Filistin Yönetimi organları ve kurumlarında yayılan mali ve idari yolsuzluk ise Batı Şeria ve Gazze’deki Filistinlilerin yaşadığı yedinci paradokstur. Bu yolsuzluğun en önemli göstergeleri ise atamalarda liyakattan önce sadakatin gözetilmesi, grup, parti, aile ve aşiret kimliklerine dayalı istihdam, gizli işsizlik, çeşitli israf şekilleri ve hırsızlıklardı.
Bu tür yolsuzluklar insanların parayla satın alınmasına, Filistin Yönetimi'nin bedeninde sarkmalara, hizmetlerin kötüleşmesine, insanların ihtiyaçlarının sömürülmesine ve gasp edilmesine, altyapı ve kalkınma projelerinin işlemez kılınmasına yol açtı. Ayrıca 'dünün direnişçilerini', devrimci ahlâklarını, işgalle mücadele ve bu dava için kurban verme güçlerini ifsat eden bir çevrenin oluşturulmasına neden oldu.
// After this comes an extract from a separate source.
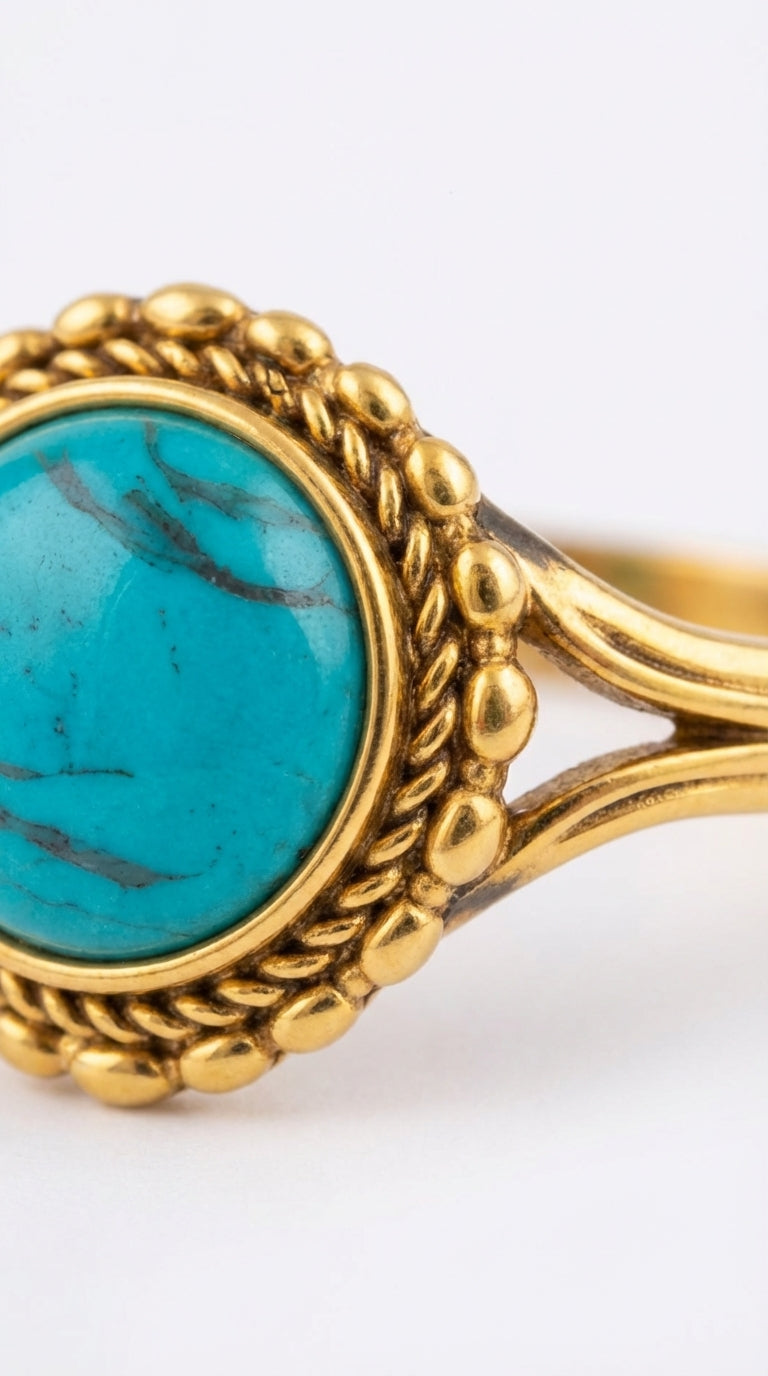 Nomad Lagoon Ring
Görünen o ki bizler Filistin Yönetimi'nin kurulmasından yirmi yıl sonra bu yönetimin deneyimi ve performansını gözden geçirmek için ciddi ve kararlı bir okumayla karşı karşıyayız. Bu gözden geçirmenin araştırmacı bilimsel bir bakış açısı doğrultusunda yapılması gerekmektedir. Eleştirel bakış açısı, Filistin ulusal projesinin önceliklerini, işgalden kurtulma yolunu, Filistin Yönetimi'nin işgale hizmet etme rolünü sonlandırma şeklini, Filistin halkının özgürlük ve bağımsızlık arzularını ifade eden bir yönetime dönüştürme çabasını gündemine alacaktır.
Filistin Yönetimi'ne düşen FKÖ kurumlarına egemen olmak değil, bu kurumların bir parçası olmaktır. Ayrıca FKÖ de Filistin halkının içeride ve dışarıdaki farklı kesimleri ve güçlerini temsil edecek şekilde kendini yeniden yapılandırmalıdır. Filistin Yönetimi, direnişle, yolu üzerindeki bir engel veya takoz olarak değil, ulusal eylemin kaldıracı olarak ilişki kurmalı, bütün Filistinli güçlere etkin gerçekçi bir katılımı garanti etmelidir. Filistin uzlaşı kriteri ve Filistin ailesinin güçlendirilmesi, İsrail, Amerikan ve Batı hoşnutluğunu almaktan daha önemli olmalıdır.
Özetle, çabaları ve meyvesi Filistin halkını ve direnişini güçlendirmeyen ve işgali sonlandırmayan bir yönetim, hayatta kalmayı da hak etmiyor.
*- Muhsin Salih, Filistinli yazar ve akademisyen. Doktorasını modern tarih alanında yaptı. Malezya'daki Uluslararası İslam Üniversitesi'nde modern tarih dersleri verdi. Filistin siyaseti, İslami hareketler, Filistin direnişi ve tarihiyle hakkındaki makale ve kitap çalışmalarıyla tanınıyor.